Unser Tipp für Sie
Veröffentlicht am 05.07.2022
Zwangsarbeit in Berlin. In den Kriegsjahren hätte in Deutschland vieles nicht funktioniert, wenn die Nazis nicht zahlreiche Männer und Frauen als Zwangsarbeiter hierher verschleppt hätten. Die Menschen aus Osteuropa, aber auch aus Frankreich oder den Niederlanden und anderen Ländern hielten die Wirtschaft am Laufen, wurden in der Landwirtschaft eingesetzt, mussten in den Fabriken der Rüstungsindustrie schuften. Selbst die Kirchen profitierten von ihrem Einsatz. In Berlin gab es in der gesamten Stadt Lager – große und kleinere -, wo die Zwangsarbeiter oft in unmittelbarer Nachbarschaft zu den Deutschen lebten. Dennoch ist über viele Lager und die Zustände, unter denen die Menschen dort untergebracht waren, nur wenig bekannt. Das Dokumentationszentrum NS Zwangsarbeit hat in diesem Jahr gemeinsam mit den Regionalmuseen eine zwölfteilige Veranstaltungsreihe konzipiert, um das Thema in den einzelnen Bezirken zu beleuchten.

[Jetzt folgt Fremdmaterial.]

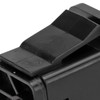 Air Spring Activation Switch, Air Ride Suspension Control Switch, Electric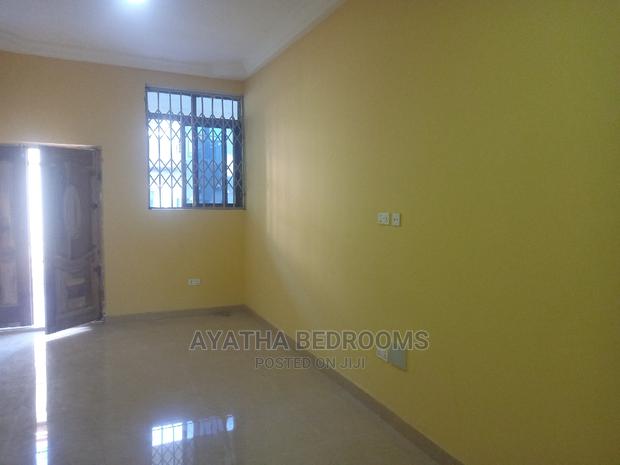 2bdrm Apartment in Ayathar Bedroom, Teshie for Rent · Photo 3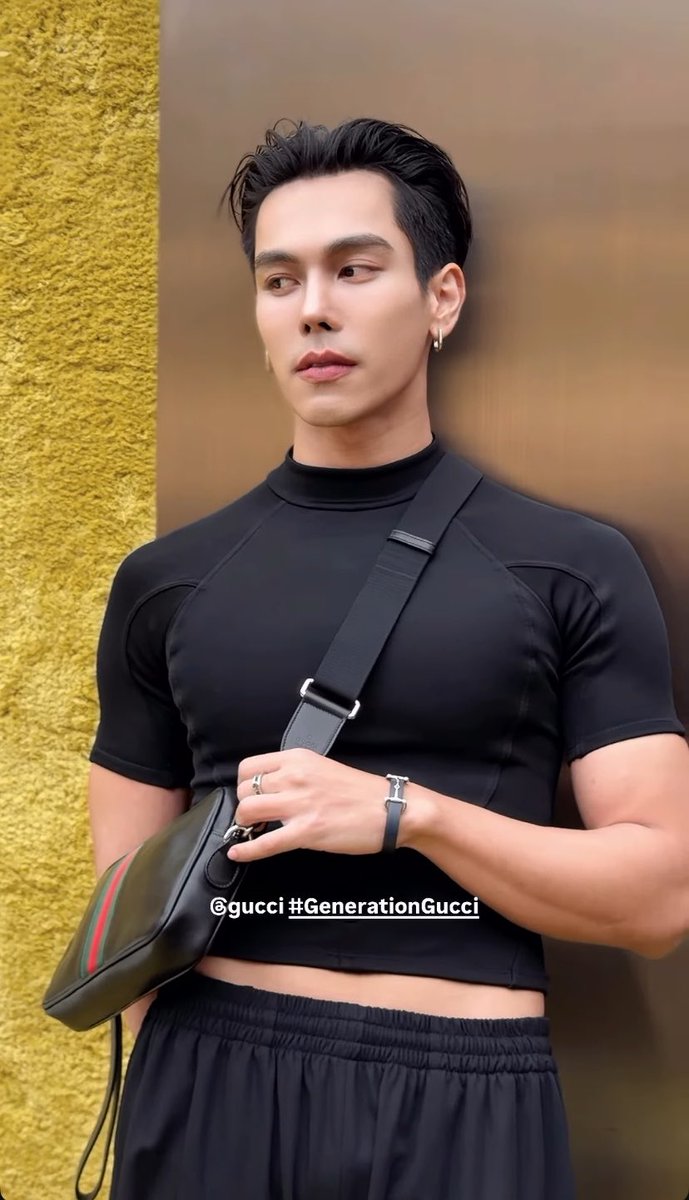 winks ft.39🧏🏽🧏🏻 tweet media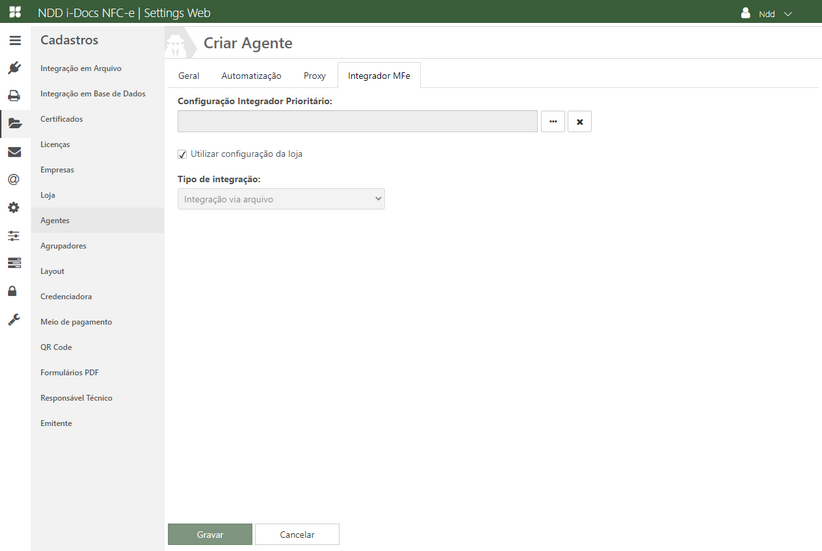 cadastros-agentes-cadastro-integrador_mfe_zoom65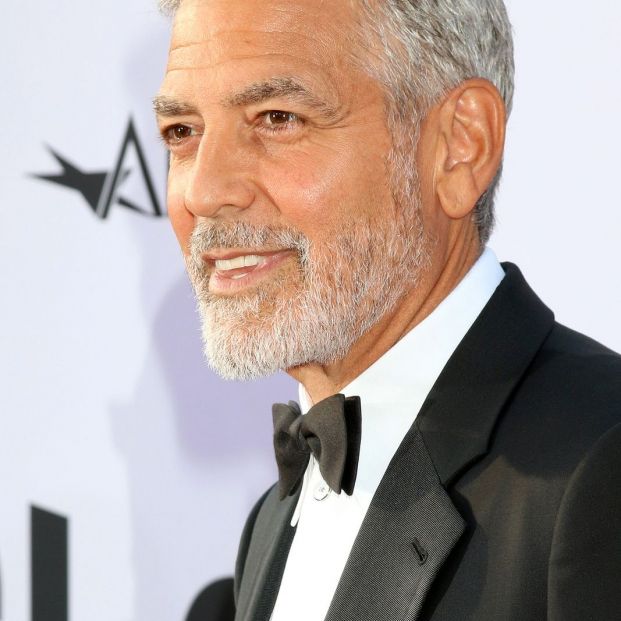 Famosos que demuestran que los 60 son los nuevos 50: de Brad Pitt a Demi Moore Famosos que demuestran que los 60 son los nuevos 50: de Brad Pitt a Demi Moore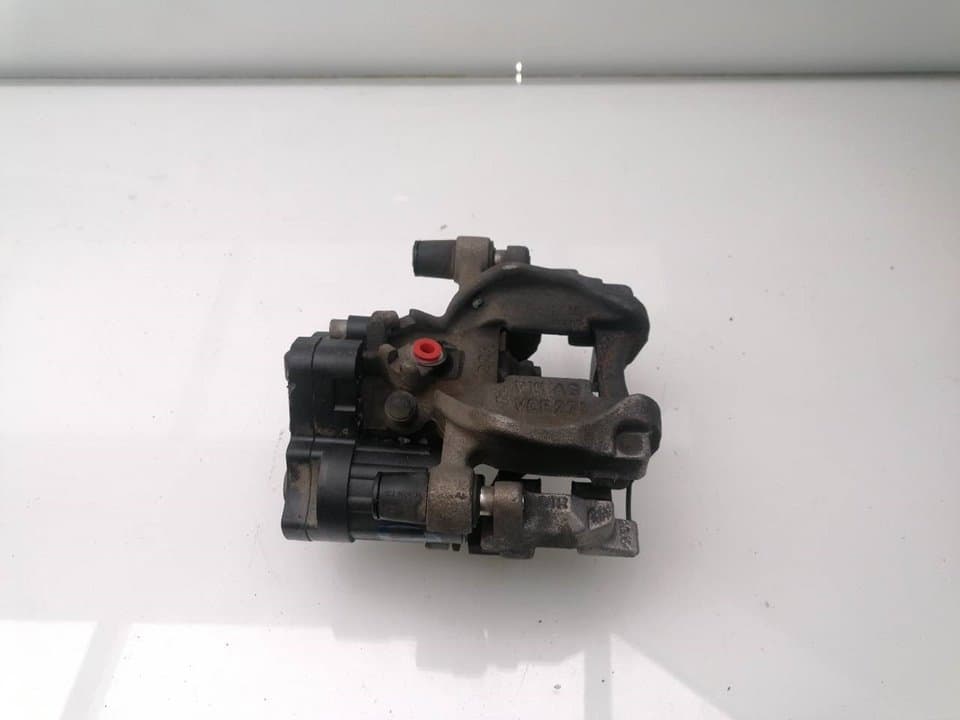Recambio SEAT ALTEA (5P1) ref. 5Q0615406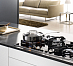 Купить Газовая варочная панель Miele KM 3054-1 preview 11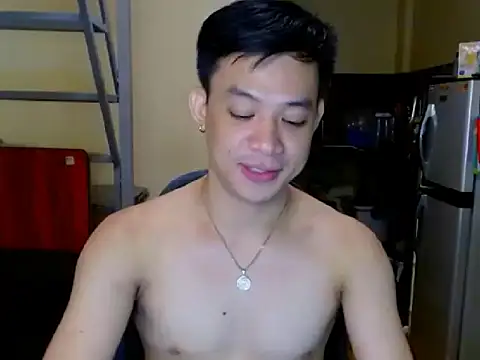AsianCUMQUICKLY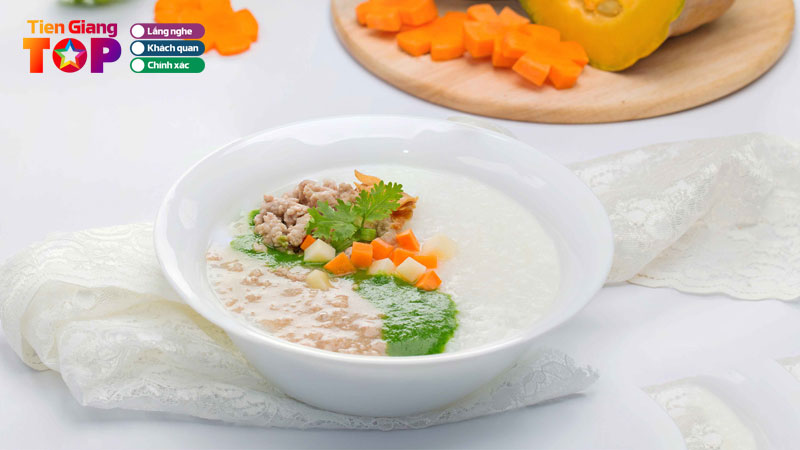 Top-5-dia-chi-mua-chao-dinh-duong-tai-tien-giang-ngon-me-ly-tiengiangtoplist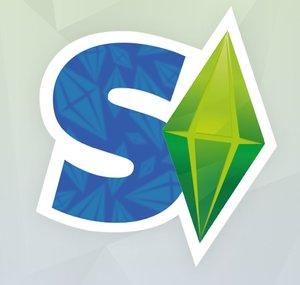 sims-blog.de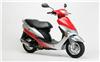 Foto 4 de la moto PEUGEOT V-Clic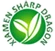 Xiamen  Skarp  Dragon  International  Handel  Co., Ltd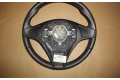 Volant Alfa Romeo Giulietta 2010 71753934, 71753934  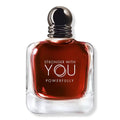 ARMANI Giorgio Armani Stronger With You Powerfully Eau de Parfum 3.4 oz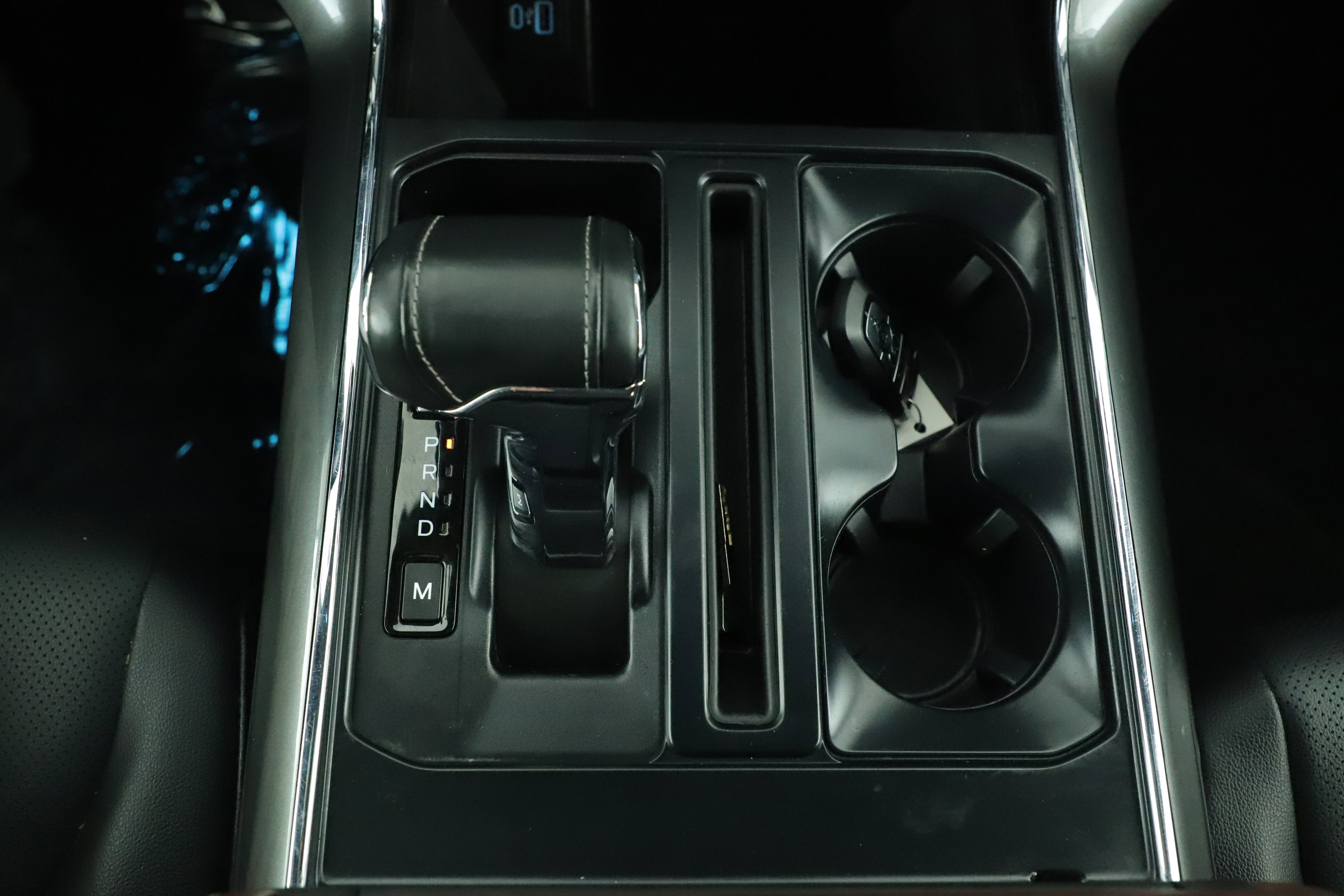 Used 2022 Ford F150 Lariat image 23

In Tempelhof-Schöneberg. Bei der Veranstaltung für unseren Bezirk am 14. Juli steht die Zwangsarbeit auf dem Flughafen Tempelhof und in Mariendorf im Mittelpunkt. Auf dem Tempelhofer Feld mussten tausende Menschen, die in großen Lagern untergebracht waren, für die Lufthansa und den Weser Flugzeugbau Zwangsarbeit leisten. Bei archäologischen Grabungen wurden die Spuren der Lager in den Jahren 2012 und 2014 freigelegt. Über dieses Projekt und die Ausmaße der Zwangsarbeit berichtet die Archäologin Kathrin Misterek.
Weniger bekannt sind hingegen die Lager am ehemaligen Güterbahnhof Mariendorf. Über diese wird Miklas Weber berichten. Er lebt selbst in Mariendorf und widmet sich viel der Forschung über und der Erinnerung an die Opfer der NS-Diktatur. Weber macht es nicht beruflich, sondern aus Interesse. Von Hause aus ist er IT-Fachmann. Seine Aufmerksamkeit war 2016 geweckt, als es um die Erforschung des Seebads Mariendorf und die jüdische Eigentümerfamilie Lewissohn ging, über die ich hier berichtet habe. Weber recherchiert in den Archiven von Bezirk und Land, trägt Informationen zusammen.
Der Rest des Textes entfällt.